Anyway, all that was just to illustrate why, for me, it was tough, and it was painful, and it felt completely unfair.  I had just started my life, and was told that I’d be spending the rest of it locked in a sound-proof room — they hadn’t even developed the noise training back then.  Fortunately, my husband refused to let my life go that route, and was very supportive as I tried hard to feel out how to make things work.  But I still was having a hard time feeling positive.

So I figured, why not go ahead and act as though I was?  I decided that whenever I saw someone, I’d give them a genuine smile that said I was glad to see them.  Whenever I could, I’d notice something to appreciate that I could sincerely compliment them on.

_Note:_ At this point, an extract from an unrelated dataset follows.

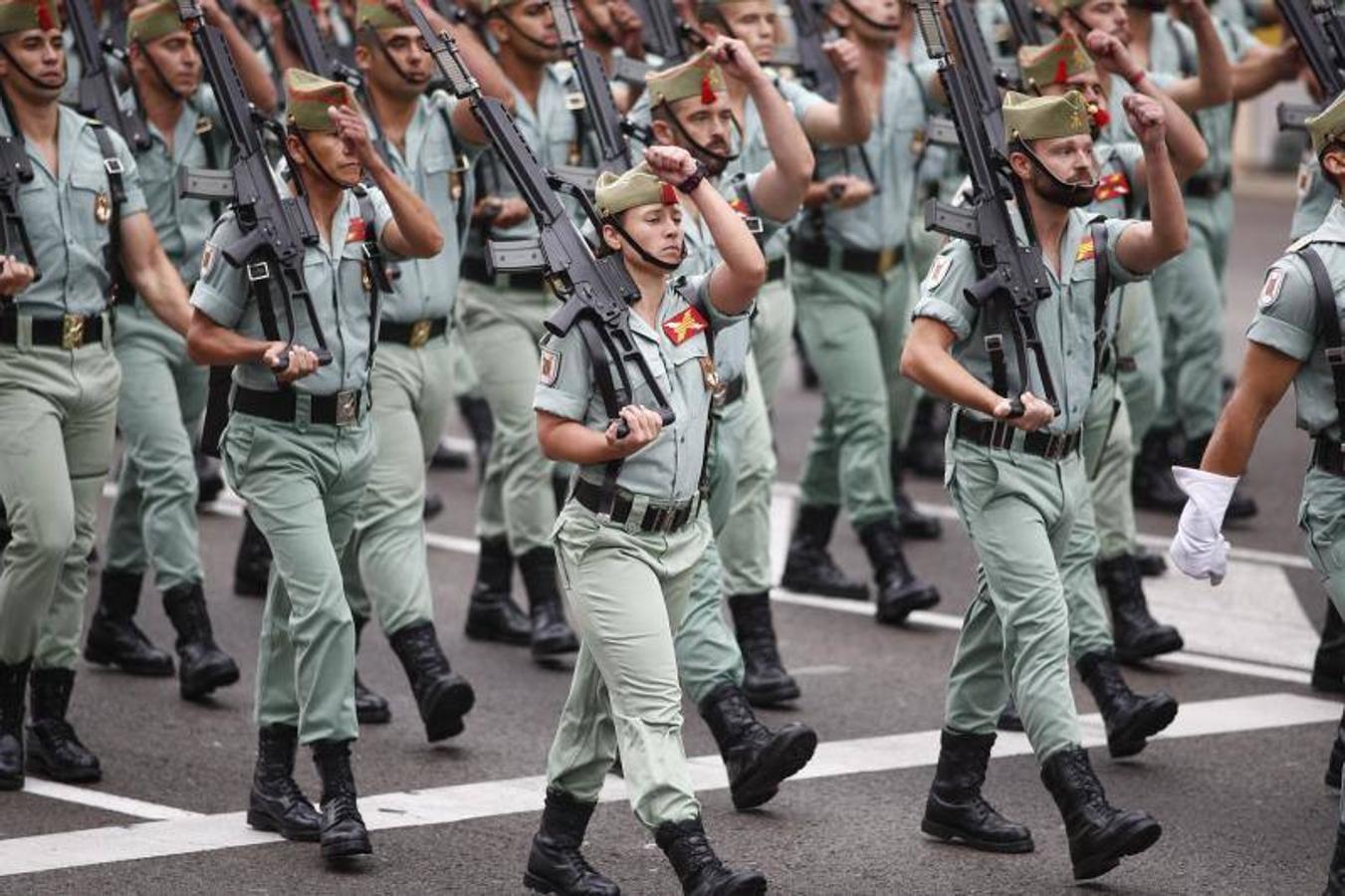 os Reyes han presidido este viernes el desfile del Día de la Fiesta Nacional, que ha llevado al centro de Madrid a casi 4.000 militares de los dos Ejércitos y la Armada, 88 aeronaves y 152 vehículos, acompañados de efectivos de la Guardia Civil, la Policía Nacional, Protección Civil y Salvamento Marítimo. Es el primer 12 de octubre del Gobierno de Pedro Sánchez y también el primero de Pablo Casado como líder del PP.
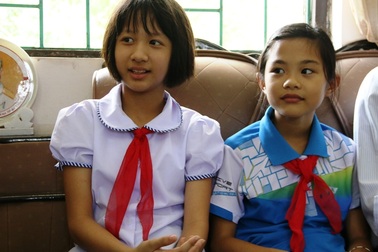 Độc đáo với ý tưởng máy “biến” bão thành năng lượng của hai học sinh nhí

And you know what?  People started being glad to see me, too.  They smiled at me, and treated me with a little more kindness.  This made it easier to feel more positive toward myself, too, and made my workplace a less uncomfortable place to be, despite the physical pain.  It also helped me be more successful there, as it was easier to focus on doing great work when I was feeling good.  I ended up quitting the job because it was easier for me to work somewhere else than fight for reasonable accommodations, but I left feeling as though I had made the best of things that I could at that time.

I’ve had some pretty tough fights since then because of my hyperacusis, some of which I’ve walked away from into better situations.  But as I’m sure I’ve mentioned before, I don’t feel greatly limited by my disability, because it’s easy for me to focus on what I can do, most of the time.

This level of success was made possible only because way back then when hyperacusis first entered my life, I was able to set my mind not on where I didn’t want to be, but where I did want.  And then, I acted in accord with this vision as though I was already there.  It hasn’t always worked, but it’s done the trick more often than not.